• **Your objective**: The span to repeat in the listing below runs from the line containing "vidaXL Massage Recliner" to the line containing "Maharani Silver Anklet", inclusive. Repeat it exactly, and only it.

BEGIN Records

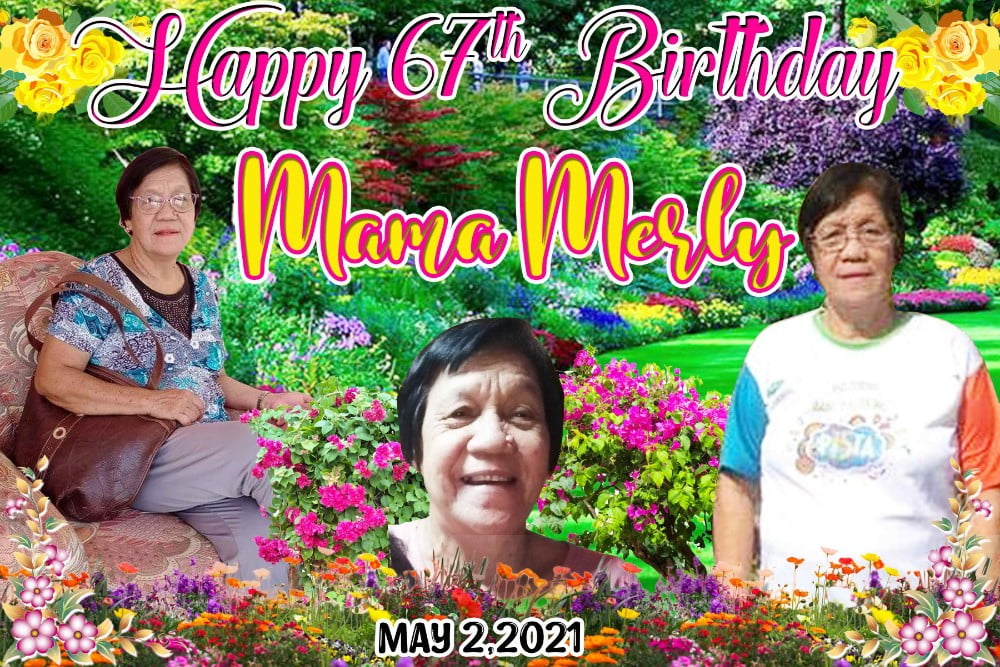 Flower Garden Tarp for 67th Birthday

END Records
BEGIN Records

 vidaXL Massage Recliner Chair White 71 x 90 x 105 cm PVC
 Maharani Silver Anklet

END Records
BEGIN Records

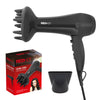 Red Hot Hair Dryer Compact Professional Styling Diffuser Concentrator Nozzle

END Records

• **Completed task**:
 vidaXL Massage Recliner Chair White 71 x 90 x 105 cm PVC
 Maharani Silver Anklet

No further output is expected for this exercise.